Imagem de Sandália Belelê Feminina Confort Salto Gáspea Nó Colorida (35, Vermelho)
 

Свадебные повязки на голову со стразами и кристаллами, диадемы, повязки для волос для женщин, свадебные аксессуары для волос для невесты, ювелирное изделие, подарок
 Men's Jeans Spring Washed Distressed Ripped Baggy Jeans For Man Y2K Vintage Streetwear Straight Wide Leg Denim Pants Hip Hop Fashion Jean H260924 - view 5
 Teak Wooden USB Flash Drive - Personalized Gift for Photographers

═══

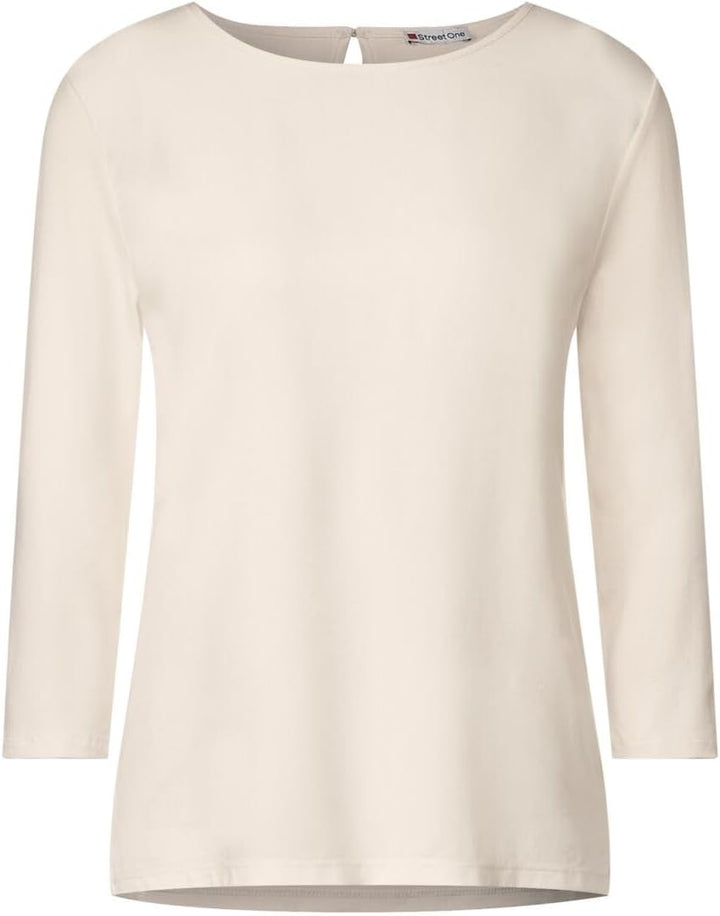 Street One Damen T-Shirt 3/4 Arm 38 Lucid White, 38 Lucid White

═══

Look back at the data above. Transcribe exactly the lines starting at the line that contains "Men's Jeans Spring" and ending at the line that contains "Teak Wooden USB".

 Men's Jeans Spring Washed Distressed Ripped Baggy Jeans For Man Y2K Vintage Streetwear Straight Wide Leg Denim Pants Hip Hop Fashion Jean H260924 - view 5
 Teak Wooden USB Flash Drive - Personalized Gift for Photographers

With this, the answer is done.